Sarcasm aside, pentesting/redteaming is only ethical if the target consents to it! Please don't try to prove your point the way these researchers have.


Just playing devil advocate here, the surprising factor does play into it. No bad actor will ever give you heads-up.

If the researcher has sent these patches under a different identity, that would be just like how malice contributions appear. The maintainers won't assume malice, waste a bunch of time communicating with the bad actor, and may NOT revert their previous potentially harmful contribution.


> the surprising factor does play into it. No bad actor will ever give you heads-up.

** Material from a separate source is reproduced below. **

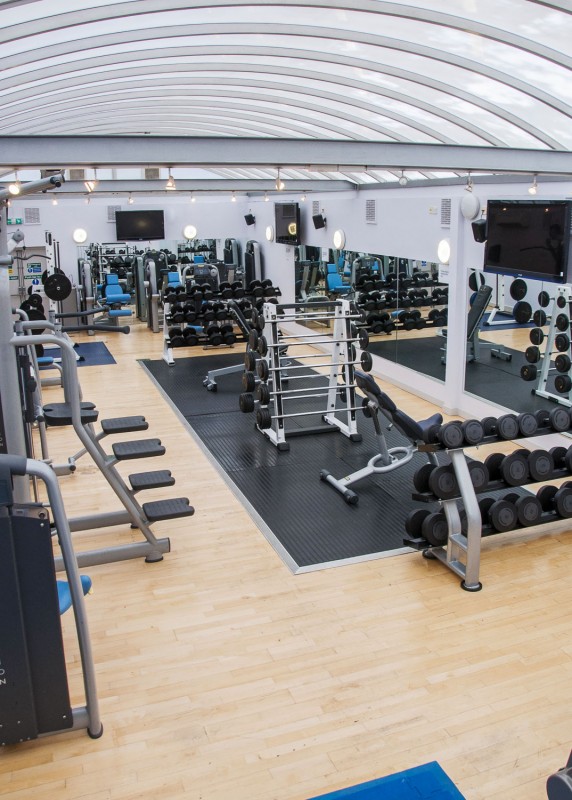 image for Charing Cross Sports Club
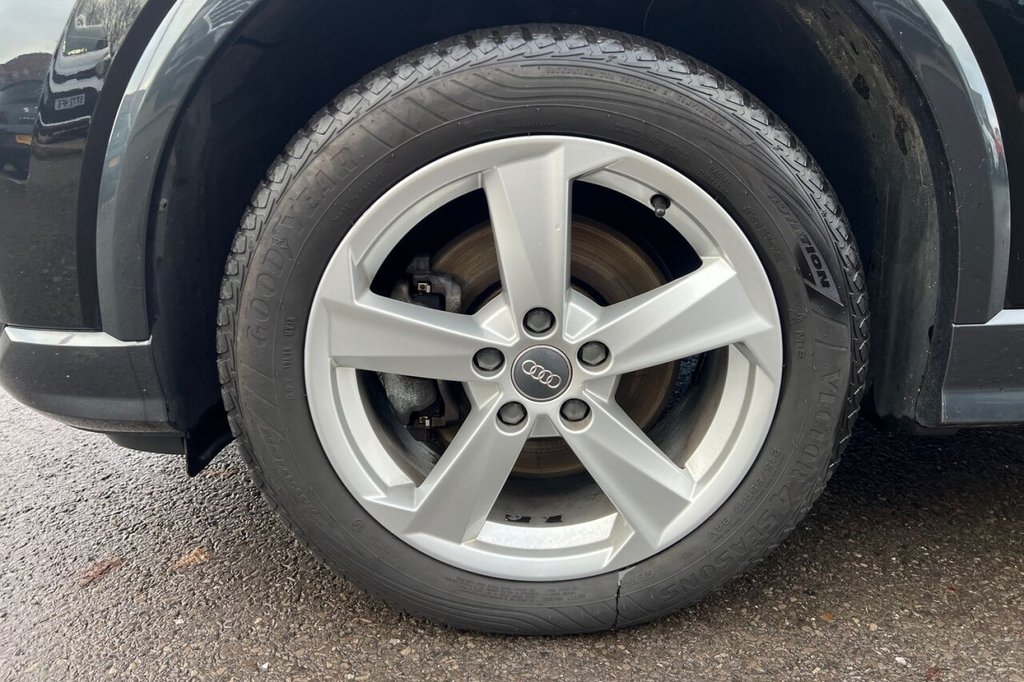 Used Audi Q2 2018 for sale - 78180735: Photo 28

I too thought like this till yesterday. Then someone made me realize thats not how getting consent works in these situations. You take consent from higher up the chain, not the people doing the work. So Greg Kroah-Hartmancould could have been consulted, as he would not be personally reviewing this stuff. This would also give you a chance to understand how the release process works. You also have an advantage over the bad actors because they would be studying the process from outside.


it's not simple like that, if Greg doesn't do the work of review then who gives him the authority to consent on behalf of others?


I see what you are saying. But he is also sort of the director to this whole thing. The research question itself is worthwhile and I don't think if it was done properly this much time would be wasted. All they have to prove is that it will pass few code reviews. That's a few man hours and I really don't think people will be mad about that. This whole fiasco is about the scale of man hours wasted both because they repeatedly made these "attacks" and because this thing slipped into stable code. Both would be avoided in this scheme.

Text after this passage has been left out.